━━━ Given records ━━━

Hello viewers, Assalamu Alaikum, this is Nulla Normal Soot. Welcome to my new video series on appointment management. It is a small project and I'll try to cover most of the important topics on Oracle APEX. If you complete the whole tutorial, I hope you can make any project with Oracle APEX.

━━━
━━━ Given records ━━━

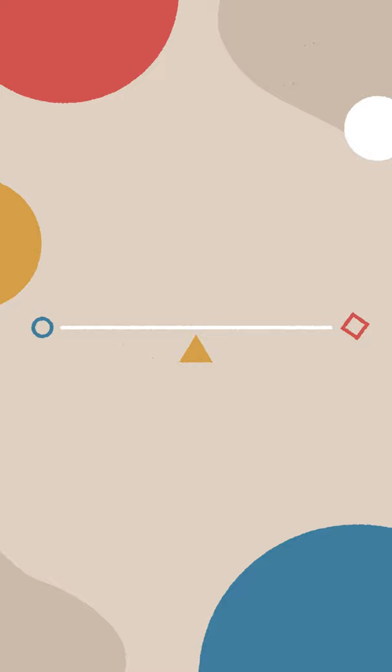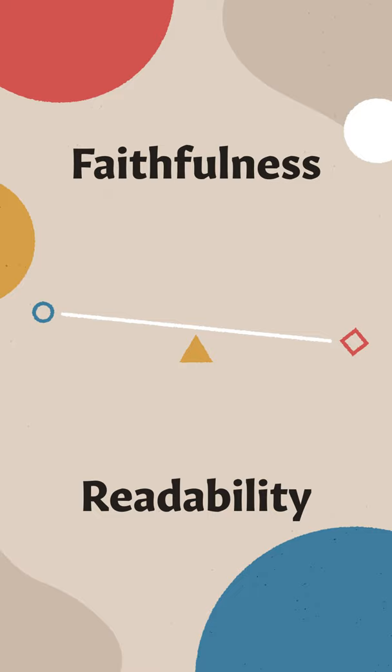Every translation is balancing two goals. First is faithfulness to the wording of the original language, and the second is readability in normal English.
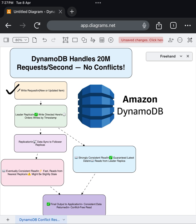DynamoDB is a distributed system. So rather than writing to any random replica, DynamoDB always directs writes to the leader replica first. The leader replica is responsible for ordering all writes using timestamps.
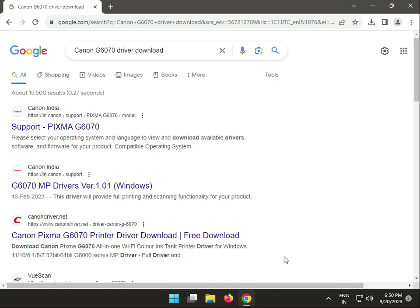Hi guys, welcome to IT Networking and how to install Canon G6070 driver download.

━━━
━━━ Given records ━━━

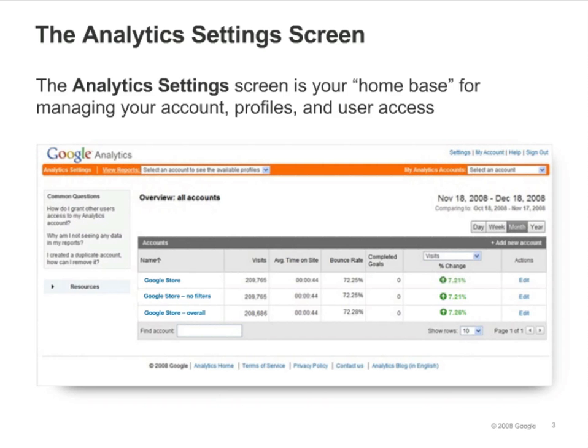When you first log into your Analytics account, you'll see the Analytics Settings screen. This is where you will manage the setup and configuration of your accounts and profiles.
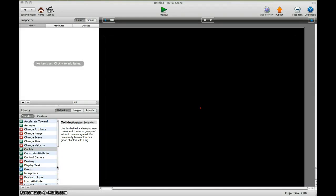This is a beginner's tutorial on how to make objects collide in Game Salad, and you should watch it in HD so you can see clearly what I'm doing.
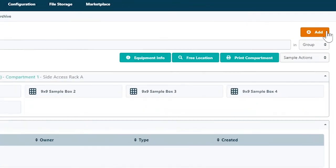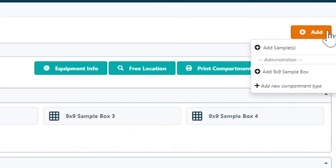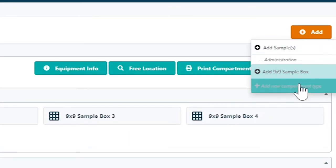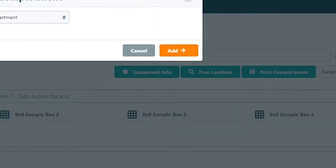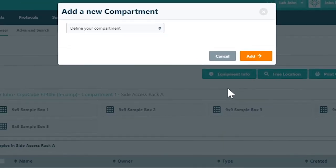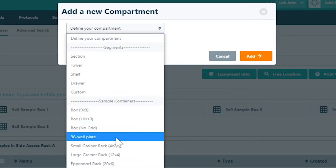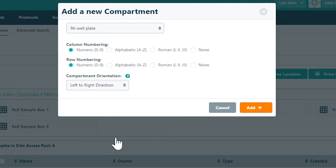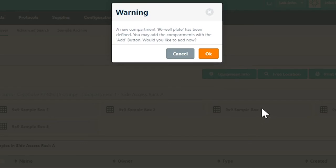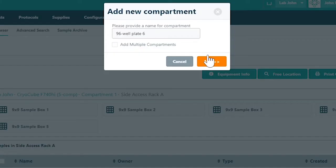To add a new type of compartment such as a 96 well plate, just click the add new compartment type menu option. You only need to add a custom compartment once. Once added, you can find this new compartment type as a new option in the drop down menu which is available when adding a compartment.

━━━

Using the data above, return the lines from the one holding "Every translation is" through the one holding "Hi guys, welcome" exactly, but not the pictures.

Every translation is balancing two goals. First is faithfulness to the wording of the original language, and the second is readability in normal English.
DynamoDB is a distributed system. So rather than writing to any random replica, DynamoDB always directs writes to the leader replica first. The leader replica is responsible for ordering all writes using timestamps.
Hi guys, welcome to IT Networking and how to install Canon G6070 driver download.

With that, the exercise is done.